I don't find that inter-table relationships are the main limiter for scalability. I use queries with joins regularly and get good scalability if indexes are defined well.

The greater limiter for scalability is the cost of synchronous I/O. The requirements of consistency and durability -- that the DBMS actually and reliably saves data when it tells you it saved data -- is expensive.

Several NoSQL products that are currently in vogue achieve great performance by weakening their consistency and durability guarantees in their default configuration. There are many reports of CouchDB or MongoDB losing data.

There are ways you can configure those NoSQL products to be more strict about durability, but then you sacrifice their impressive performance numbers.

Likewise, you can make an SQL database achieve high performance like the NoSQL products, by disabling the default features that ensure data safety. See RunningWithScissorsDB.

PS: If you think document-oriented databases are "cutting edge", I invite you to read about MUMPS. Everything old is new again. :-)

Why are relational databases needed?

I will come at this from a different angle.

I work at a place where we had a database that had no foreign key constraints, default values, or other data checks whatsoever in their initial records database. The lead engineer's excuse for this was something similar to what you have described above. "The application will ensure the referential integrity".

The problem is, we did not have a standard data layer (like an object relational mapping) over the top of the database. We had multiple programmatic sources that fed into the same tables. It was funny because after a while, you could tell which parts of the code created which rows in the table. Sometimes the links lined up, sometimes they didn't. Sometimes the links were NULL (when they shouldn't be), and sometimes they were 0. We even had a few cyclic records which was fun.
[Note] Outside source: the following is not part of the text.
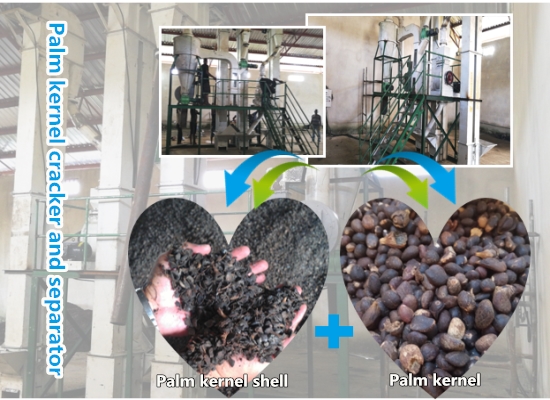 Feedback from Nigerian customer on the working effect of palm kernel cracking and separating system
My point is, you never know when you are going to need to write a quick script to batch import records, or write a new subsystem that references the same tables. It behooves us as programmers to program as defensively as possible. We can't assume that those who come after us will know as much (if anything) about how our schema should be used.

Should I choose relational or non-relation database for social-network like app

Step 1) Create your design using whatever technology you are strongest with.

Step 2) Release your social network, begin on researching non-relational databases and master whichever you feel most comfortable with.

Step 3) Refactor your data tier so you could potentially replace MySQL quickly and easily with your newly learned DB technology.

Step 4) Wait for your website to become so big that the need to replace MySQL comes around and begin to plug the holes.

I know this seems kind of cheeky, but really my point is just release your software and start to worry about scale etc. when it actually becomes a concern.

Are relational databases a poor fit for Node.js?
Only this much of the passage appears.